◆ **Work instruction**
All of the data should be output character for character, except the pictures.

◆ **Supplied information**
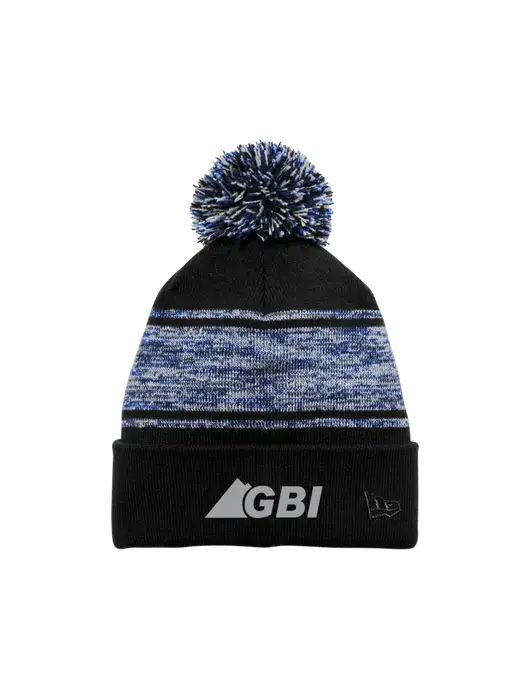New Era Black/Royal Knit Chilled Pom Beanie w/Great Basin Industrial Logo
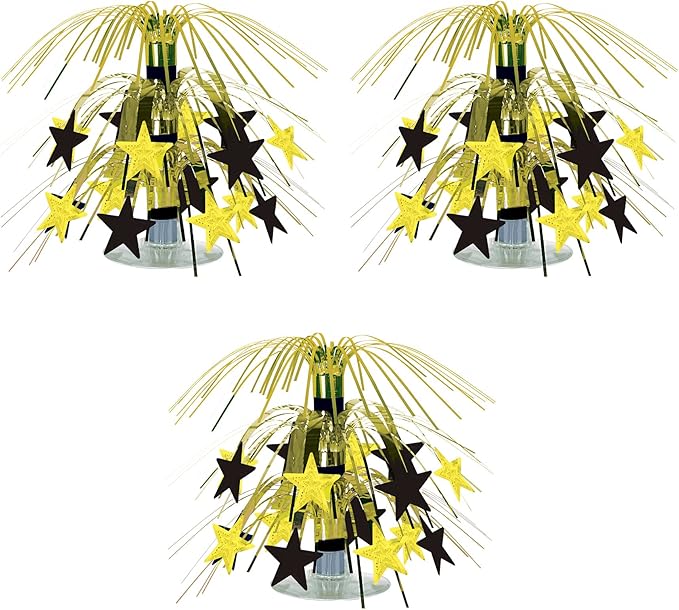 Beistle S54669BKGDAZ3 Star Mini Cascade Centerpieces 7.5" (Black/Gold), Pack of 3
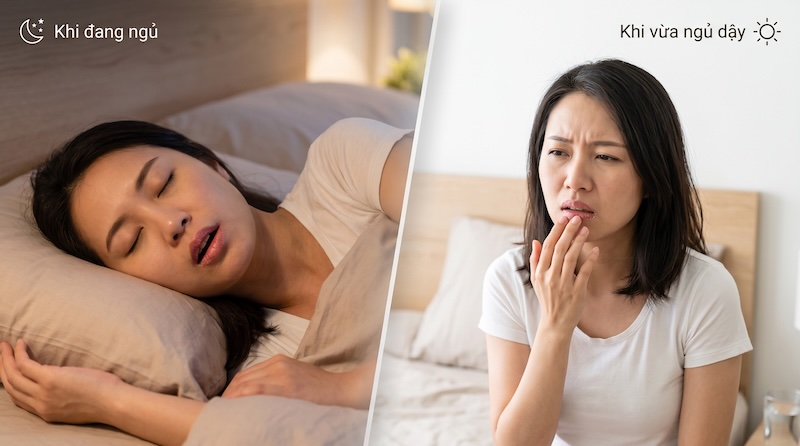 khô miệng khi ngủ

◆ **Expected output**
New Era Black/Royal Knit Chilled Pom Beanie w/Great Basin Industrial Logo
 Beistle S54669BKGDAZ3 Star Mini Cascade Centerpieces 7.5" (Black/Gold), Pack of 3
 khô miệng khi ngủ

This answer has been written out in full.